The EU’s new ‘European Entry/Exit System’ digital border checks are scheduled to finally start in autumn 2024 after years of delays

The checks will collect the details of non-EU visitors’ dates of entry and exit to and from the Schengen area, in addition to personal information and biometric details, such as fingerprints and a facial scan. 

Read more: EES border checks: why your fingerprints may be taken twice

To avoid long queues, it is planned that passengers will be requested to register passport details and answer questions about their trip using self-service kiosks in airports, ports and the international train station, St Pancras in London, where French checks take place on UK soil.

It is also hoped that a smartphone app, still being developed and tested by the EU, will allow passengers to preregister certain details in order to speed up the process.

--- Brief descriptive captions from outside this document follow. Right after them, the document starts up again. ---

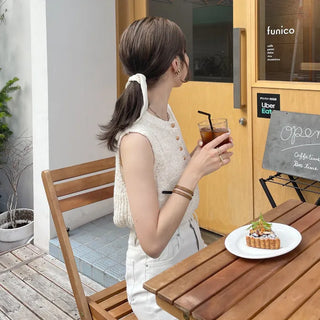 Button-point sleeveless knit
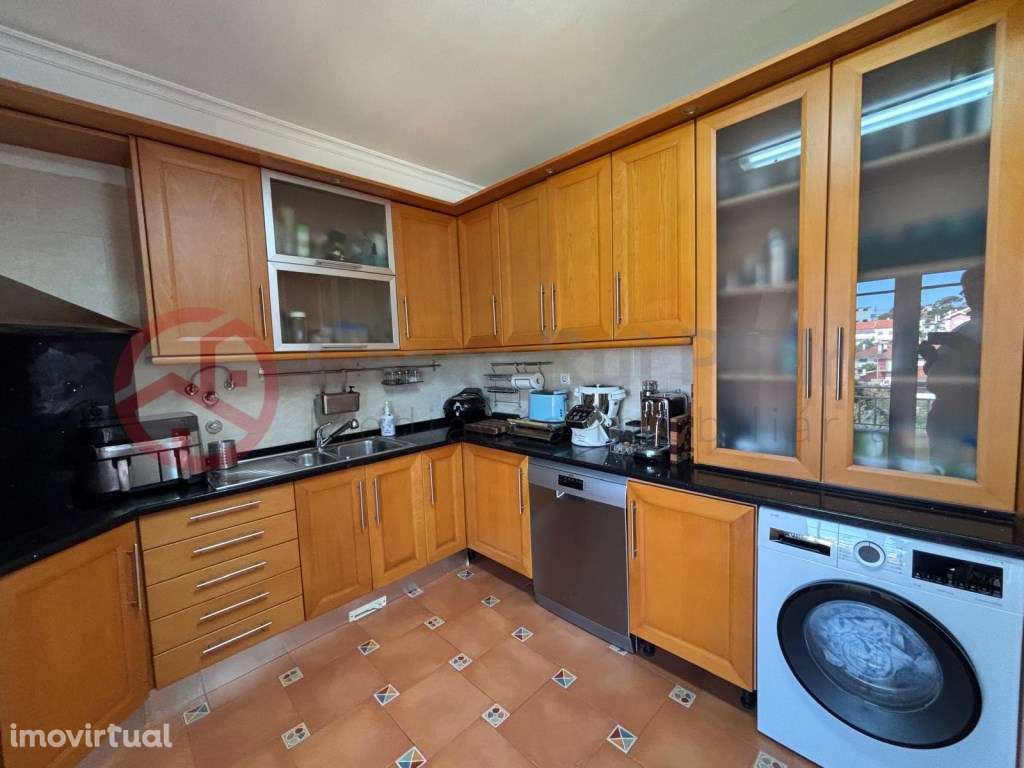 Moradia isolada T5 em Vale Flores, Almada - Grande imagem: 2/36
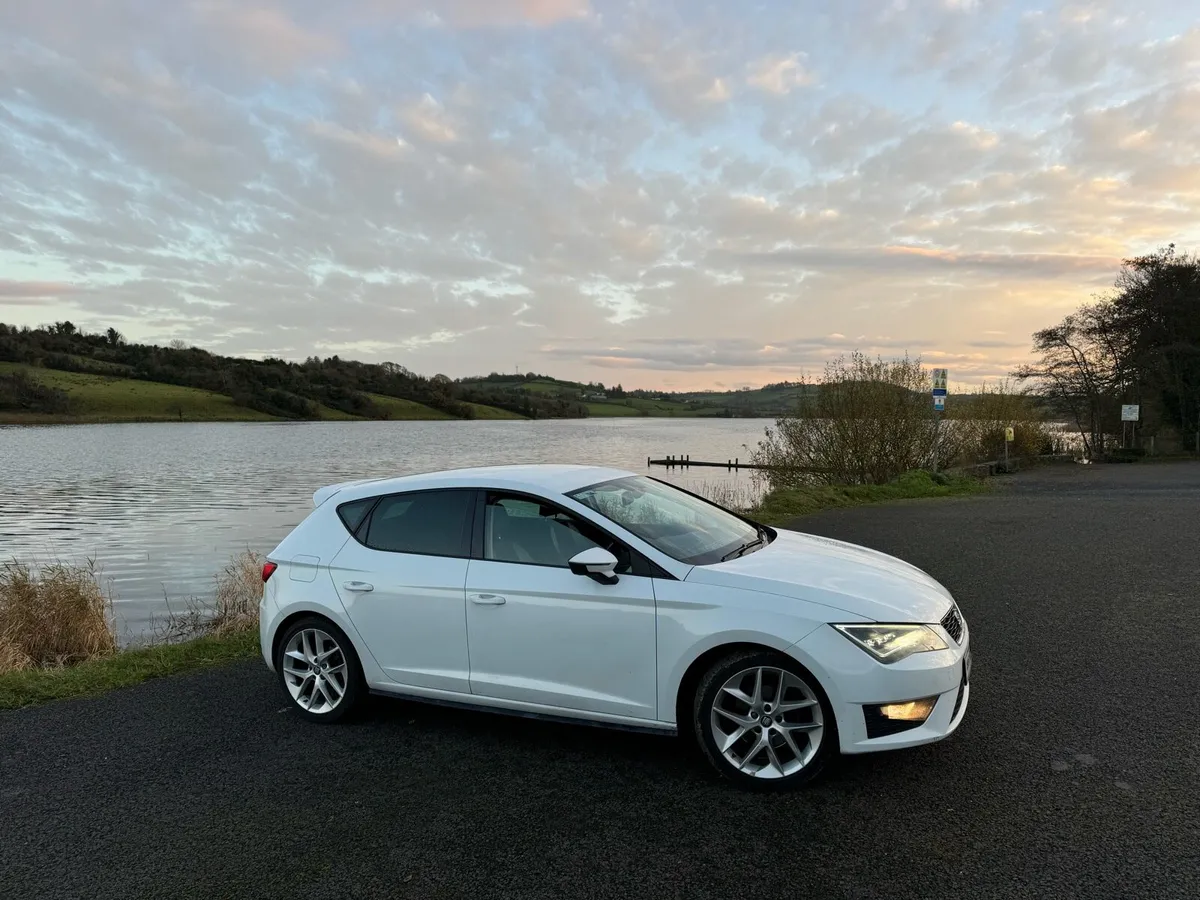 SEAT LEON FR 2.0 AUTOMATIC - Image 4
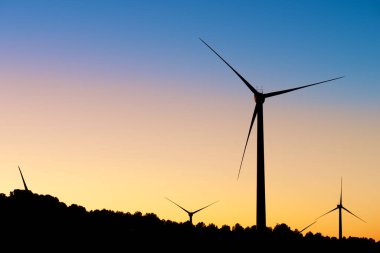 Sürdürülebilir elektrik üretimi için rüzgar türbinleri jeneratörleri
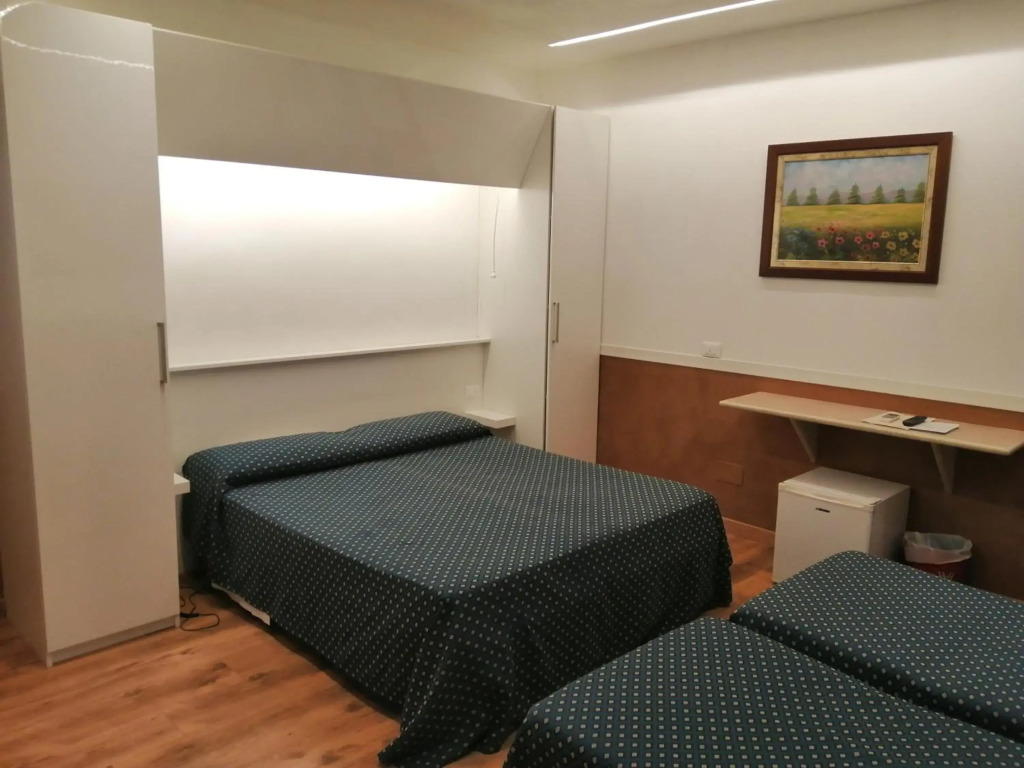 Hotel Verona Rome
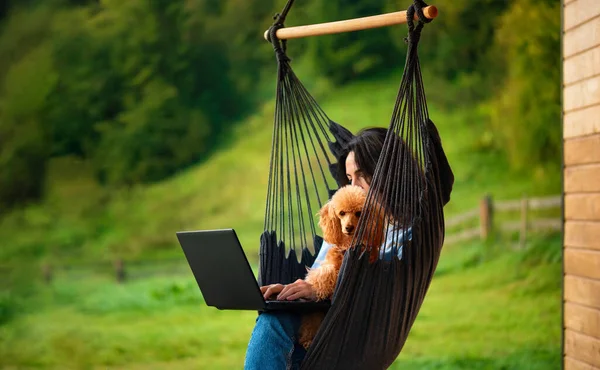 Jovem Freelancer Com Cão Trabalhando Computador Cadeira Pendurada Terraço Conceito — Fotografia de Stock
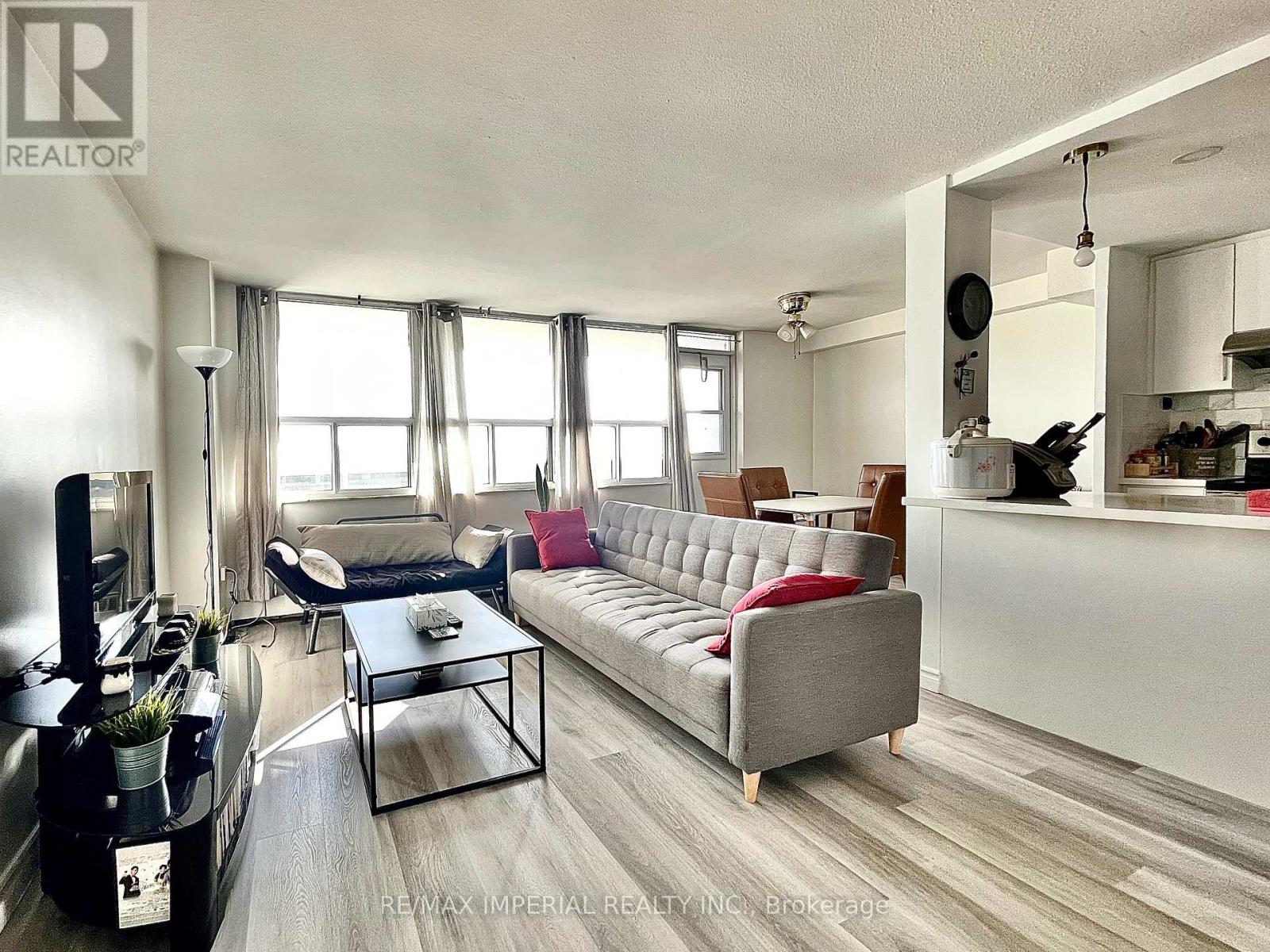1807 - 270 Palmdale Drive, Toronto, Ontario  M1T 3N8 - Photo 6 - E13740340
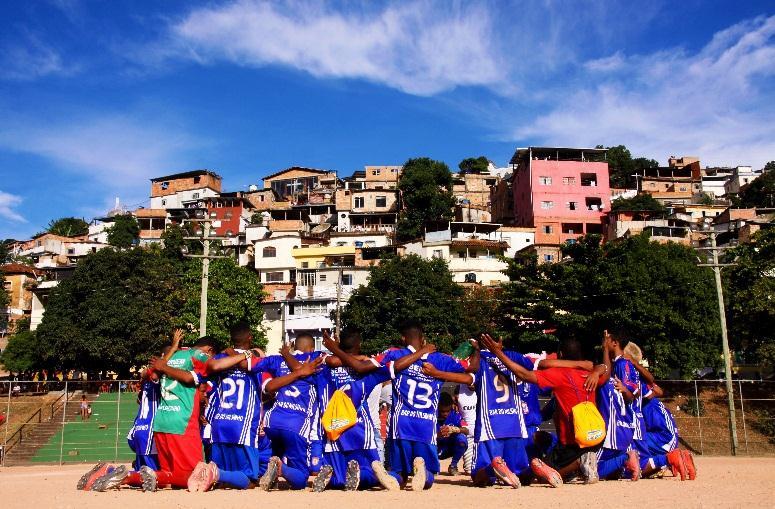 TAÇA DAS FAVELAS MINAS O Taça das Favelas é um torneio de futebol que promove a inclusão social de milhares de jovens através do esporte, contribuindo efetivamente no aumento da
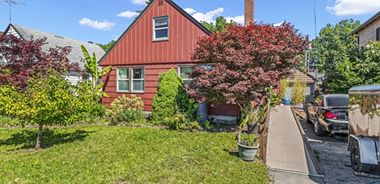 image of property with 4 Bed | 1 Bath | 1,328 Sqft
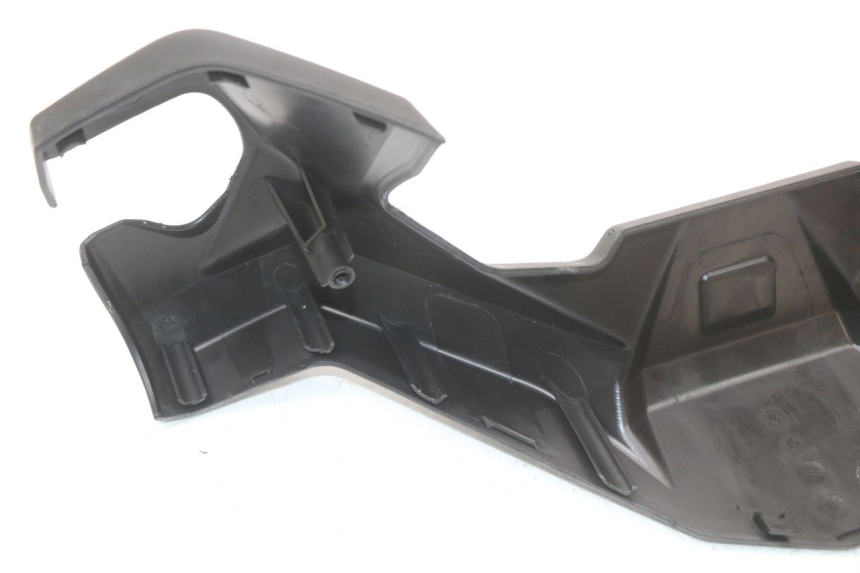 photo de LENKERVERKLEIDUNG KYMCO SUPER 8 4T 50 (2021 - 2024) - Oberflächenzustand und Material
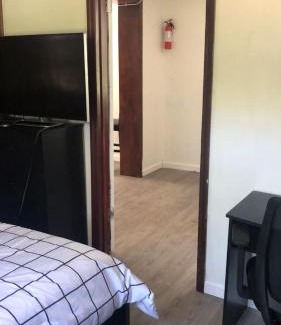 Port Ivory House | Cozy Room with Private Shower for Your Perfect Getaway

In theory, this app should allow passengers to avoid queuing to use the biometric kiosks, or at least speed up their time there as some information will already be in the system.

Individual EU states must decide whether or not to adopt it, and will be able to adapt the basic app for their needs. 

Read more: Biometric border checks: what questions will be asked to enter France?

Airline industry leaders have, however, raised fears that the kiosks could be slow to use due to unfamiliarity with the technology, limited numbers and potentially insufficient staff to help confused travellers.

Indeed, concerns about the danger of greatly increased waiting times have emerged from many quarters on both sides of the Channel, with French Transport Minister Patrice Vergriete adding his voice recently. 

“I fear problems,” he told BFMTV. “We are aware of the risk in terms of passenger fluidity. It is a challenge and we must not get this wrong.”

Read more: New biometric border checks: French transport minister ‘worried’ 

French app ‘cannot register faces yet’

The French authorities were slow to commit to the use of an EES app, however Union des Aéroports Français general delegate Nicolas Pauli­ssen said Interior Ministry officials have confirmed to UAF they want to use the app. “They favour anything that will help fluidity, while maintaining rigorous checks,” he said.

However, despite preparations advancing, many in the industry doubt whether it will suffice.

“According to our intel the app is way behind,” an airline industry executive told The Connexion. “At national level in France for example, it is expected it will not be ready until months after the EES launch.”

It looks unlikely to be capable of collecting a facial image, which is one of the points they are pushing to clarify, he added.

EU app in early testing in Sweden

A pilot version of the EU’s Quick Border app is being tested by Swedish Border Police and Frontex (the European border security agency) at Stockholm Arlanda Airport in Sweden, for non-EU nationals arriving via SAS, Thai and Emirates airlines.

The limited, opt-in test, which requires passengers to pre-register on the app will run until June 28.